▶ _DESCRIPTION OF THE TASK_
All records are to be printed exactly as they appear.

▶ _MATERIAL FOR THIS EXERCISE_
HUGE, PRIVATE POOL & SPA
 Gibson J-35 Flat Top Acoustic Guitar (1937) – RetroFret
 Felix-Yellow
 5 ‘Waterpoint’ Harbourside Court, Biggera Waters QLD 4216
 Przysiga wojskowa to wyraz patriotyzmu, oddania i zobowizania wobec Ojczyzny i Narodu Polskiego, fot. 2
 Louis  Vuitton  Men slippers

▶ _EXERCISE OUTPUT_
HUGE, PRIVATE POOL & SPA
 Gibson J-35 Flat Top Acoustic Guitar (1937) – RetroFret
 Felix-Yellow
 5 ‘Waterpoint’ Harbourside Court, Biggera Waters QLD 4216
 Przysiga wojskowa to wyraz patriotyzmu, oddania i zobowizania wobec Ojczyzny i Narodu Polskiego, fot. 2
 Louis  Vuitton  Men slippers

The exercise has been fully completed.